New York-based start-up R3's consortium already has more than 80 fee-paying members, including Singapore's financial regulator, one of Hong Kong's regulators and South Korea's central bank.

Now, according to media reports, the firm has invited Sri Lanka's central bank to join it and the consortium's members in the creation of blockchain-based technology that could streamline certain financial service operations.

Niki Ariyasinghe, the project strategy director at R3, reportedly said: “The meeting with Sri Lanka's central bank was about developments in blockchain technology, what R3 is doing, and we also extended an invitation to the central bank if they would like to join. From a regulatory perspective, there are no charges or anything like that because we want them involved.

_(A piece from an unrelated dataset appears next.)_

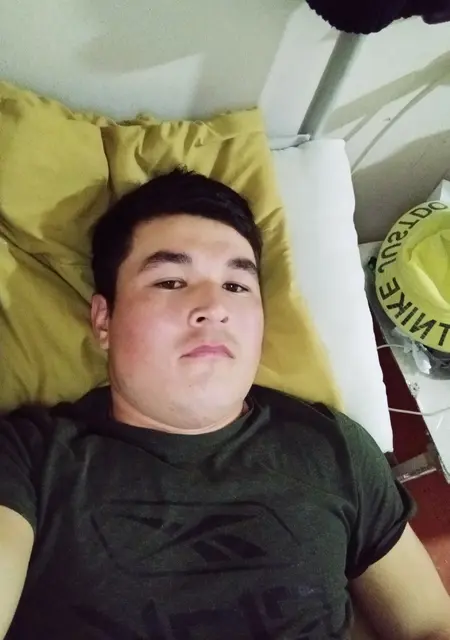 Я Алик, 29, из Ставрополя, ищу знакомство для постоянных отношений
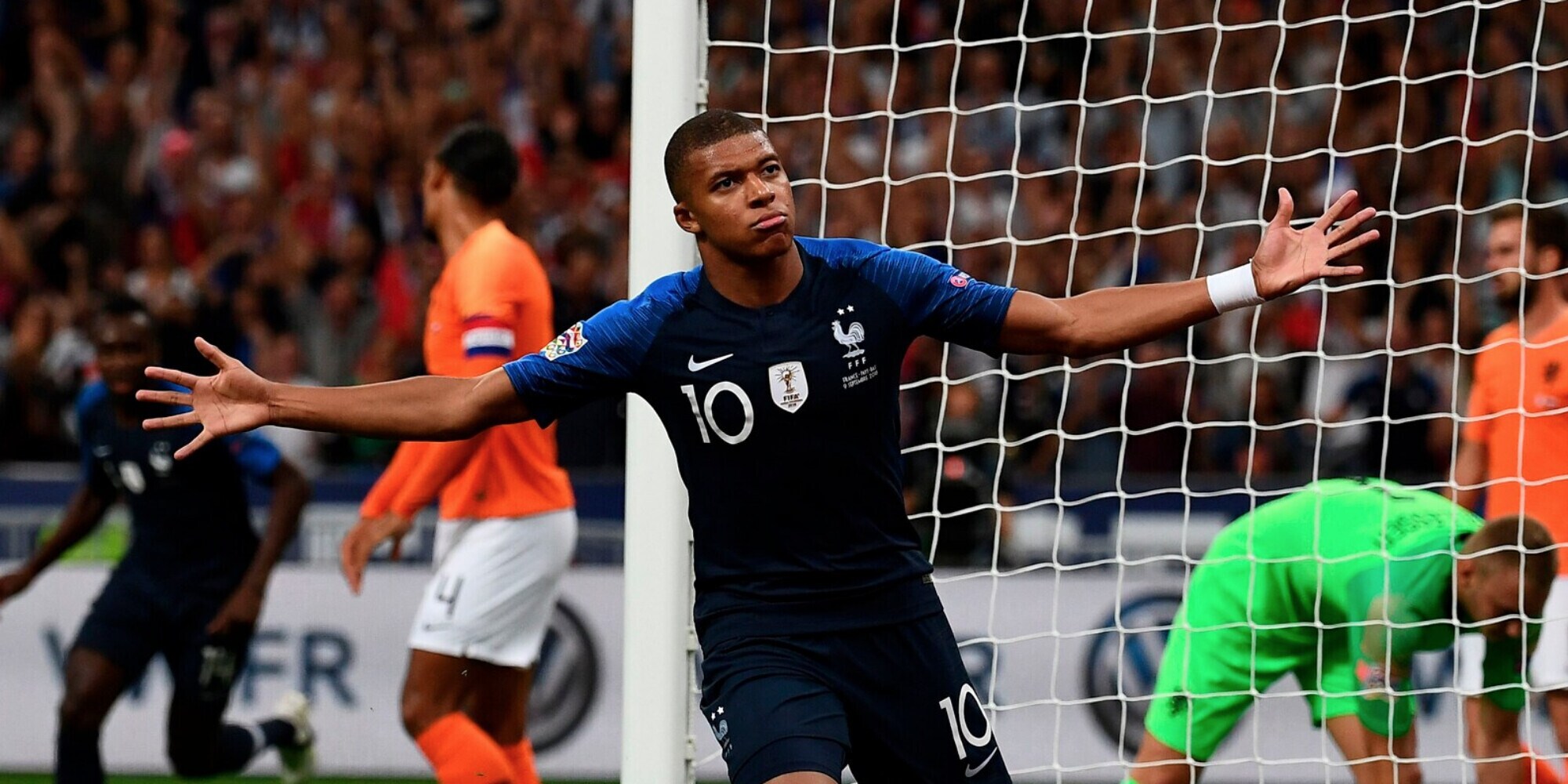 Danimarca-Francia, il pronostico del match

“We had a very positive discussion with the central bank governor and we will follow up in the coming weeks.”

Blockchain technology, a virtual distributed ledger of transactions shared peer-to-peer, can record ownership across a public network of computers rendered tamper-proof by advanced cryptography. It is already known as the platform for the controversial digital currency bitcoin.

The technology is causing a stir in the financial services sector as its supporters believe that it could reduce hidden expenses in the financial system by making payments, syndicated loans and equity clearing more efficient.

But last November, a raft of big banks that included Goldman Sachs, Morgan Stanley, Santander and National Australia Bank abandoned R3's consortium before the first round of funding began.

R3 lowered the initial amount it aimed to raise through its first round of equity funding from $200 million to $150 million. The firm planned to give members a 60 per cent equity stake in exchange for the capital.

Last year, a source close to the process at Goldman Sachs told WealthBriefing, our sister publication, that the group had become “saturated” very quickly as new members poured in, thereby blocking progress.